0. Introduction

Clock 24 is my first comprehensive project that combines woodworking, electronics design, and coding into one build.

Since this is still a work in progress, the build details, wiring, and code are far from final and are subject to change as I refine the design.

I would be happy to hear any feedback, advice, or suggestions you might have to help me improve it.

1. The Build: Frame & Display

I wanted a simple and modern look

• The Frame: I designed a custom multi-level profile to house the mechanism, glass, and backing. The profile was milled from wood and assembled by a professional framer with 45° cuts. The external dimensions are 53.3 cm x 73.3 cm.
• The Face: The front panel is a simple sheet of plexiglass, cut to size and drilled manually to accommodate the 24 motor shafts. It is painted with a matte anthracite spray to minimize reflections and maximize contrast with the white hands.
• The Hands: I custom designed and printed the 48 hands.
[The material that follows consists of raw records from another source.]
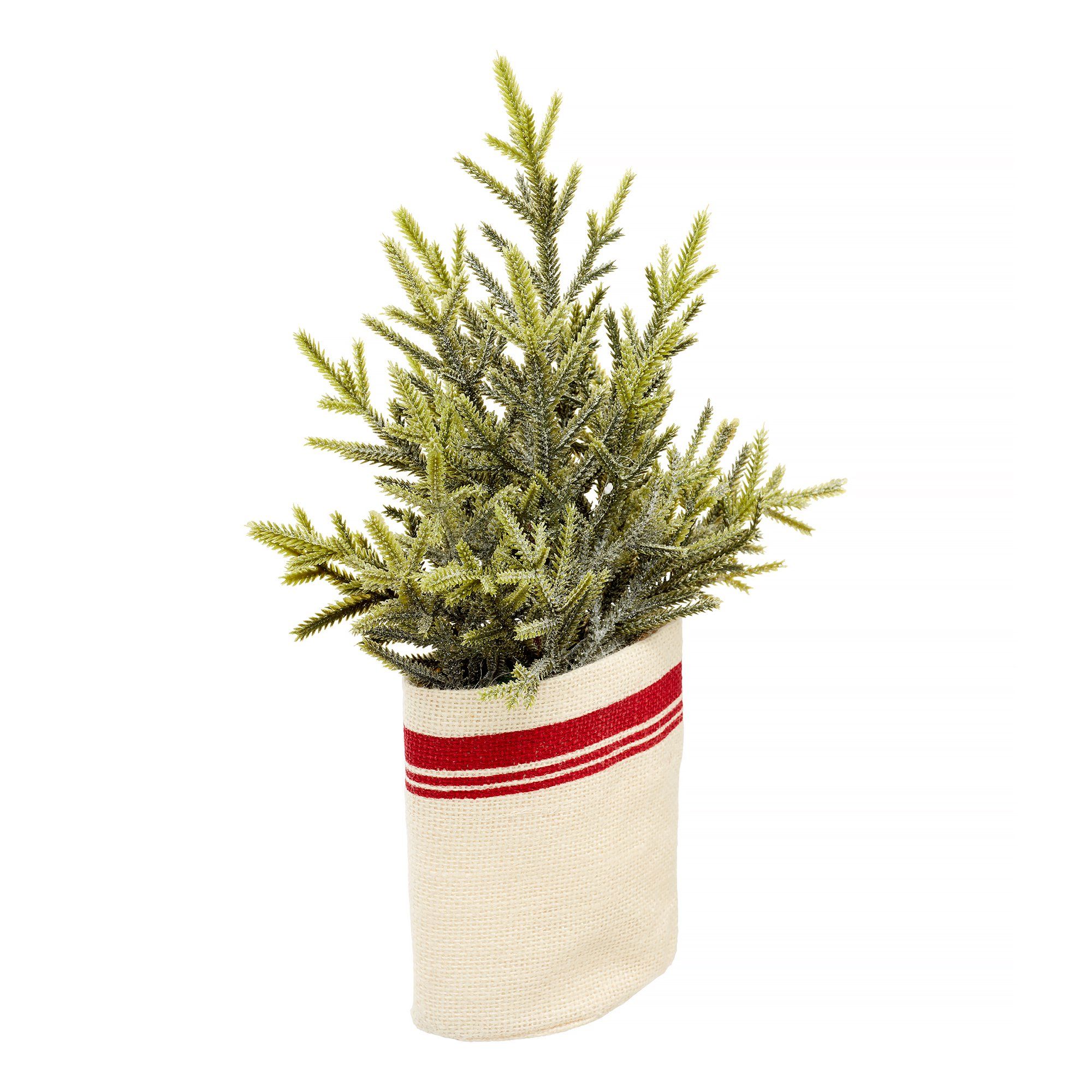 Holiday Time Mini Potted Flocked Pine Tree Christmas Tabletop Decoration, Set of 2 | Walmart (US)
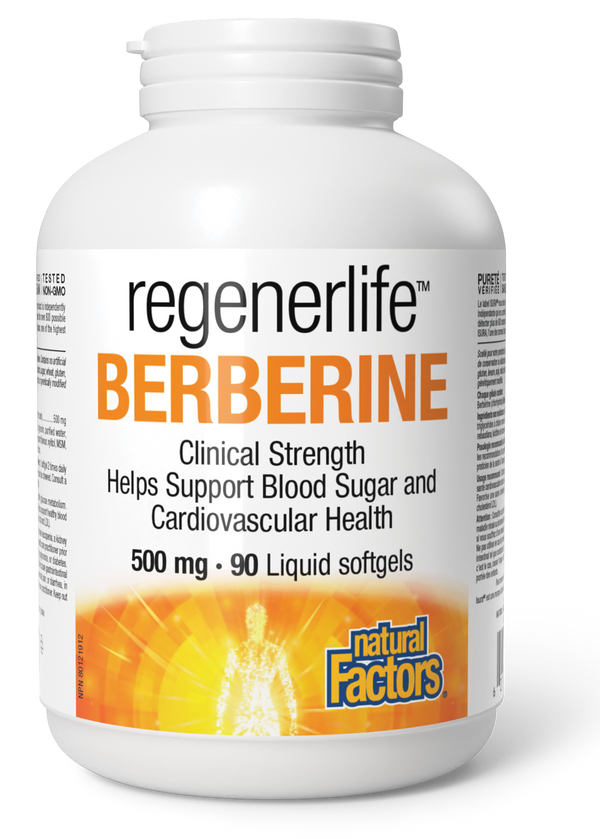 Regenerlife Berberine 500mg (90 Caps)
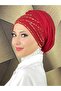 Yellow Beaded Detailed Draped Bonnet Shawl - 2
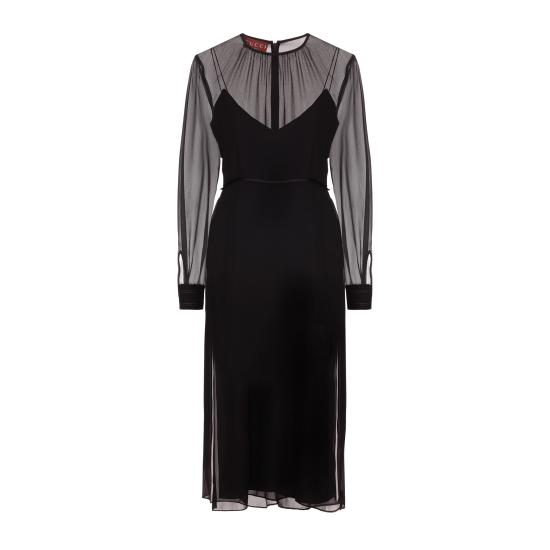 24FW 구찌 원피스 797471ZARKN 1000 BLACK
2. The Mechanics: Motors & "Parking"

• Actuators: The clock uses 24 BKA30D-R5C dual stepper motors (clones of the VID28-05). These are crucial as they allow for continuous 360° rotation.
• Visual Logic: As the original ClockClock 24 does, when a quadrant is not needed to form a digit (e.g., the empty space next to a "1"), the hands move to a "parking position" (diagonal 45°).

3. Electronics: Custom PCBs & Modular Architecture

To controlling the 48 stepper motors I designed two types of custom PCBs:

• Driver Boards (x12): Each board manages two dual-motors (4 hands) using the AX1201728SG stepper driver chip.
• Distribution/Slave Boards (x2): These act as "motherboards" for each side of the clock. Each one hosts an Arduino Mega 2560 and connects to 6 Driver Boards via IDC cables.

4. The "Open-Loop" Challenge & Power Backup

The system operates in open-loop: there are no Hall sensors or magnets to detect the absolute position of the hands. The software assumes the hands are where it told them to be.

• Manual Homing: On the very first startup, all 48 hands must be manually positioned vertically (12 o'clock).
• UPS Solution: To prevent the clock from losing calibration during a power outage, the two Arduino Mega Slaves are powered via Adafruit PowerBoost 500C modules acting as a UPS (battery backup). This ensures the Slaves never lose their memory of the hands' positions, even if the main wall power (powering the ESP32 Master) goes down.

5. Software Architecture

The code is split into a Master/Slave configuration:

• Master (ESP32): Handles WiFi, NTP time syncing and runs a TCP/Telnet server for remote commands. It sends formatted time strings to the slaves via serial.
• Slaves (Arduino Mega x2): The workload is split vertically.
  • Left Slave: Handles the first hour digit and first minute digit.
  • Right Slave: Handles the second hour digit and second minute digit.
  • They use a lookup table to translate digits (0-9) into specific target angles for the 12 hands composing that digit.

6. Maintenance App: "24Client"

I am currently developing a dedicated Android app named 24Client to serve as a remote control and maintenance tool. It connects to the Master via Telnet and will provide a UI to select specific quadrants and hands. Its primary purpose is fine-tuning:

1. Disaster Recovery: If the batteries completely drain, the system loses its zero position. The app will allow for re-calibrating the hands remotely without disassembling the frame.
2. Minor Adjustments: It allows for correcting small mechanical misalignments or "drift" that might occur over time, ensuring the display remains as sharp as possible.